Tag Archives: young male readers

The Card

The Card: A Van Stone Novel by Jim Devitt (CreateSpace; $10.99; 248 pages)

When reading Jim Devitt’s self-published novel The Card: A Van Stone Novel, one can’t help but think of the classic cartoon Scooby Doo.   In it, three high school students become entangled in a web of intrigue for which one must be willing to suspend belief to a large degree to buy into.
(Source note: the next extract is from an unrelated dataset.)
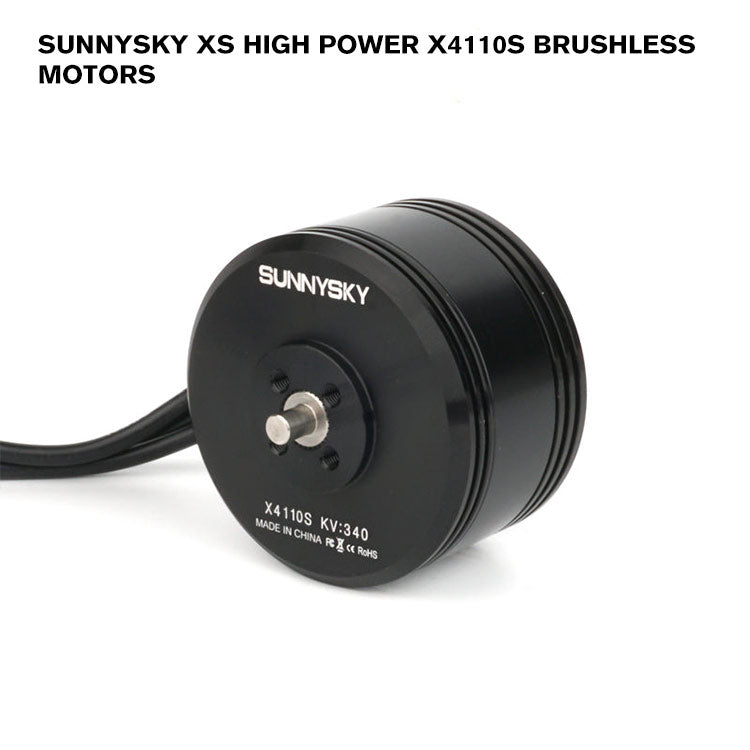 SunnySky XS High Power X4110S Brushless Motors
The story starts innocently enough, as 18-year-old Van Stone wins an essay contest to become a clubhouse go-fer for the Seattle Mariners major league baseball organization.   This would be a summer dream for many young men, but it is not far into the novel that the connection to baseball is minimized and instead shifts to the mystery surrounding the Moe Berg baseball card given to Van by his father.   (For additional information on why this is significant, see The Catcher Was a Spy: The Mysterious Life of Moe Berg by Nicholas Dawidoff.   To give away more would be to compromise the ending of this book.)

Van’s father worked for a company called Biotrust, which is involved in high level, top-secret scientific research, before he left to become an independent businessman.   Van’s precious possession, his father’s gift, is associated with a vicious plot to uncover a highly classified secret, sucking Van and his two best friends onto both a quest to solve the mystery and a fight for survival.

The book loses steam about a third of the way through despite some unexpected twists in the final 20 or so pages.   The fact that Van and his friends never go to the police until a Mariners employee brokers a meeting is hard to fathom, and the reason given for this at the end of the story is nearly untenable.   The dialogue between the three best friends is flat in most instances, and the closeness of the relationships of the main characters does not come through to the extent it could.

This reviewer could not find any information indicating that the book is specifically intended for Young Adult audiences.   However, taken as such, it has more merit.   The simplicity of the storytelling and character development would not be as much of a drawback in that case, and a young, male reader – in particular – might find this an enjoyable book to pick up as professional baseball heads into its playoff season.

Recommended.

Dave Moyer

A review copy was provided by the author.   Dave Moyer is the author of Life and Life Only: A Novel, which deals with a young man, the game of baseball and the musician known as Bob Dylan.